Despite five years of economic crisis and political divisiveness, prospects that the nine countries of the European Economic Community are at last ready for greater economic and political unity now appear brighter than at any time since Britain joined the EEC back in 1973.

For the EEC, 1973 proved to be a year of short-lived optimism, savagely truncated by the oil crisis and ensuing internecine political strife, as European governments each ran for the nearest economic lifeboat.

Now things are looking up. Modest optimism, both among EEC policy makers and observers, is buttressed by three main argruments:

First, in the perceived absence of American economic leadership, the EEC is making determined moves towards creating its own "European monetary system," mooted by Germany and France as a partial replacement to the doomed Bretton Woods arrangement. Second, the seeds of a new political union could be sown with the first Europe-wide elections in the summer of 1979. Third, negotiations to enlarge the EEC to include Greece, Portugal and Spain are seen as further proof of Europe's new-found dynamism.
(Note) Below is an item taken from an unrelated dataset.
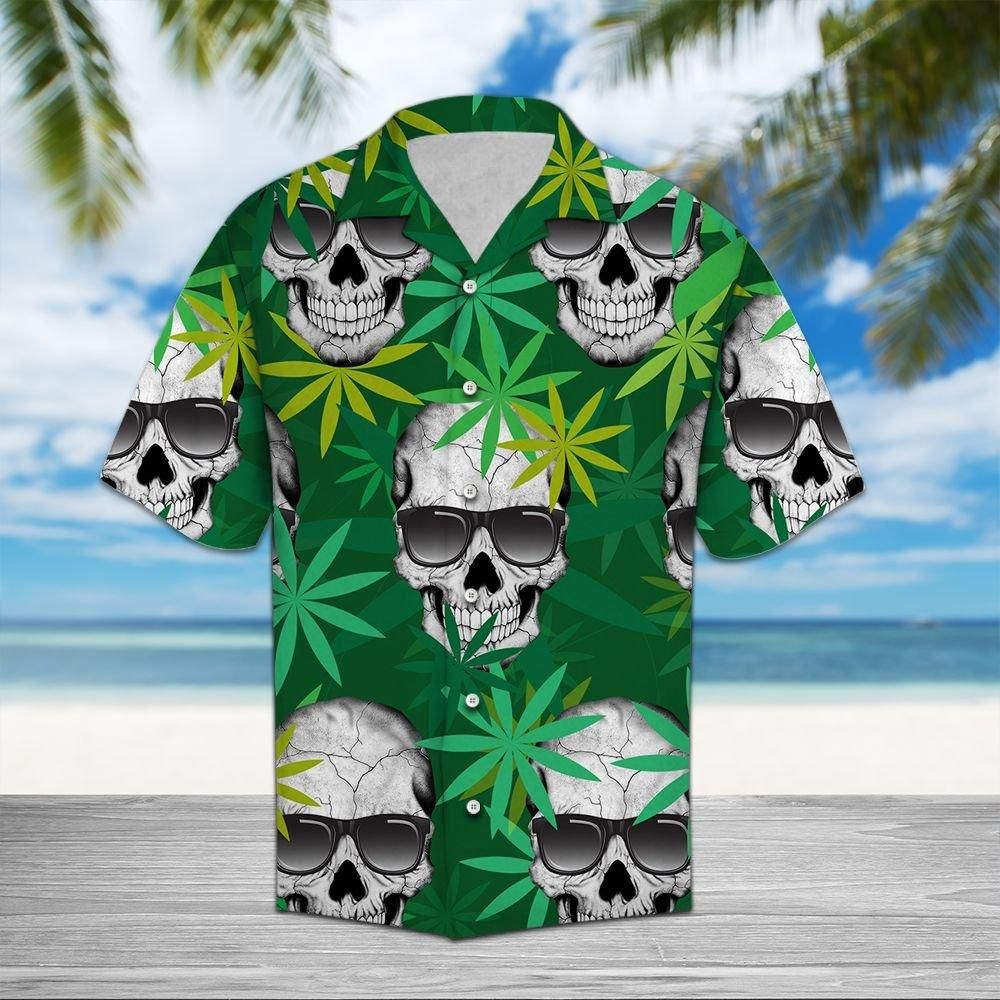 Felobo Hawaii Shirt Green Skull D0807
But the key factor is considered here to be the European monetary scheme, the brainchild of the EEC's executive president, Roy Jenkins, and West German Chancellor Helmut Schmidt, under whom that country's economic power has gradually been converted into political clout. A decisive European response to the vacuum created by the free-falling dollar is seen here as essential to the EEC's economic recovery.

Officials here say recovery is impossible when the best-laid plans are continually undermined by the divergent performance of European currencies against the dollar and each other.
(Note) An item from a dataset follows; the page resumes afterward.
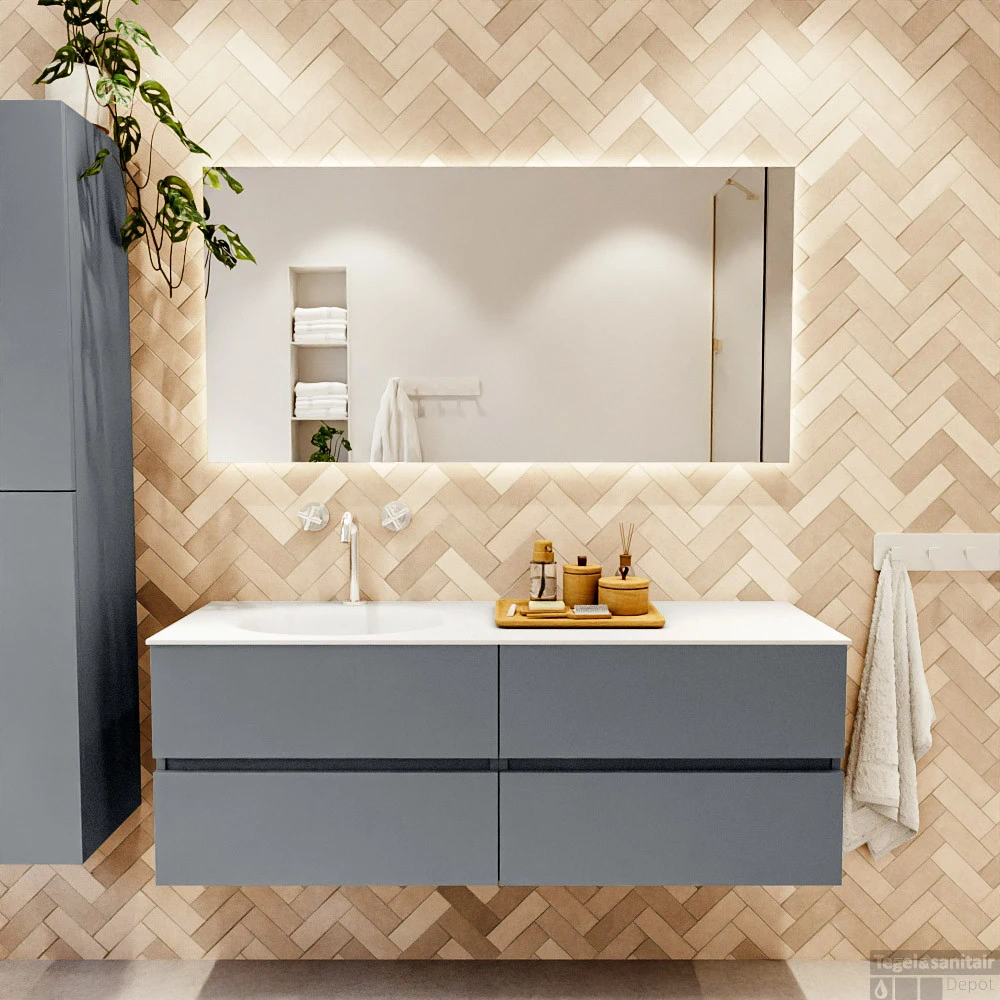 MONDIAZ VICA 140cm Badmeubel Onderkast Plata 4 Lades. Wastafel Moon Links 1 Kraangat, Kleur Talc Met Spiegel LED. 5 MONDIAZ VICA 140cm Badmeubel Onderkast Plata 4 Lades. Wastafel Moon Links 1 Kraangat, Kleur Talc Met Spiegel LED. - Afbeelding 5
"Monetary dissaray has created a major complication in our economic recovery efforts," says Viscount Etienne Davignon, the EEC executive who masterminded the Common Market's controversial steel crisis plan and who is widely considered one of the brightest stars in the European political firmament. "Unemployment pressures have created such political pressures that, with a recovery program, the very basis of our political system is under stress," he told the Washington Post.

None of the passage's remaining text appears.